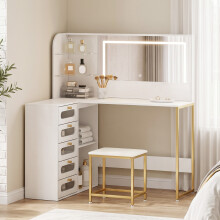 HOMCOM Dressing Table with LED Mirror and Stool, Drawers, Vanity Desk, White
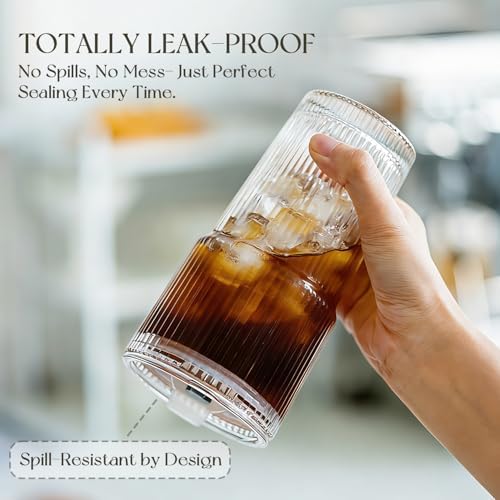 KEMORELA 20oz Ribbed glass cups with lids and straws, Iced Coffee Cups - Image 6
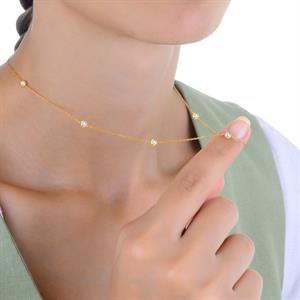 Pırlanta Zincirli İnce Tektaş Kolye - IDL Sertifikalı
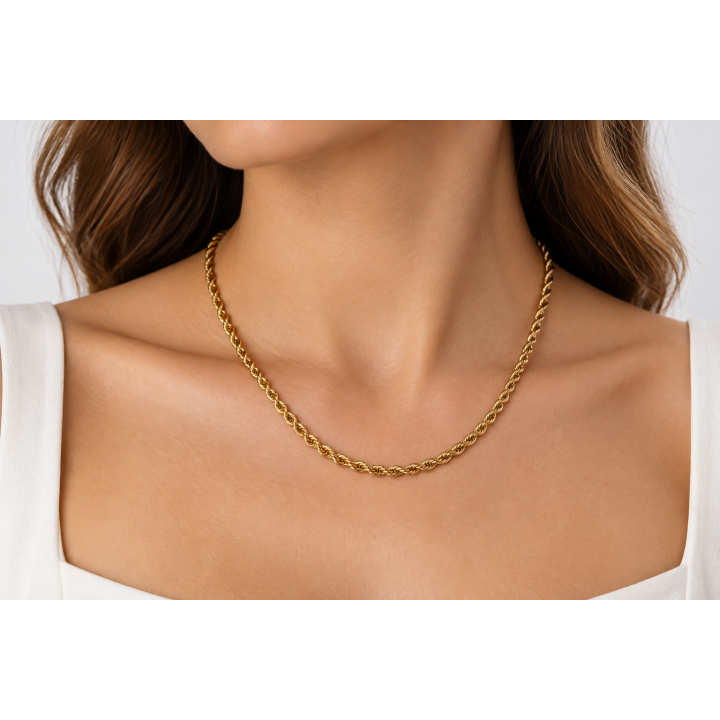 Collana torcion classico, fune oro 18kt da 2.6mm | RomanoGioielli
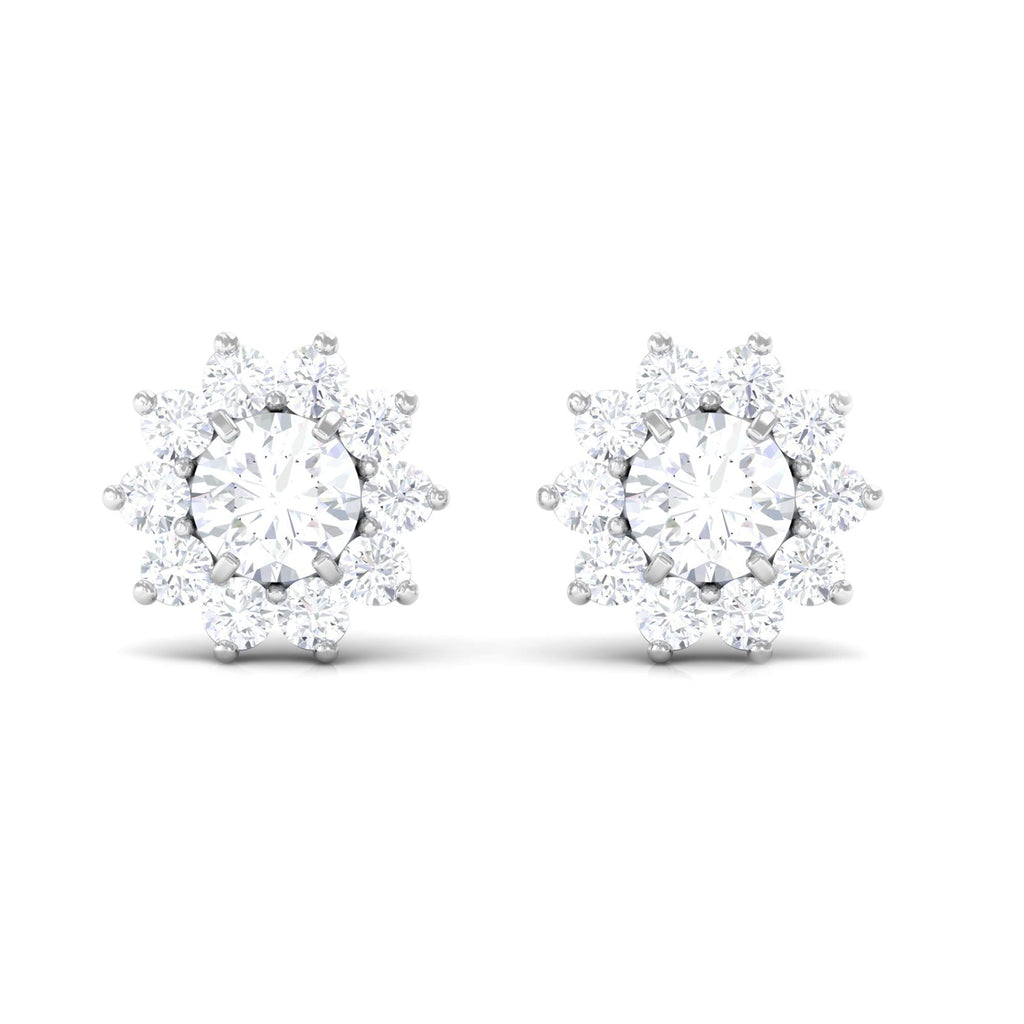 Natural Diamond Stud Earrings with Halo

***

▶ TASK TO CARRY OUT: Leave the pictures out and restate the listing word for word.

▶ SOLUTION TO THE EXERCISE:
 HOMCOM Dressing Table with LED Mirror and Stool, Drawers, Vanity Desk, White
 KEMORELA 20oz Ribbed glass cups with lids and straws, Iced Coffee Cups - Image 6
 Pırlanta Zincirli İnce Tektaş Kolye - IDL Sertifikalı
 Collana torcion classico, fune oro 18kt da 2.6mm | RomanoGioielli
 Natural Diamond Stud Earrings with Halo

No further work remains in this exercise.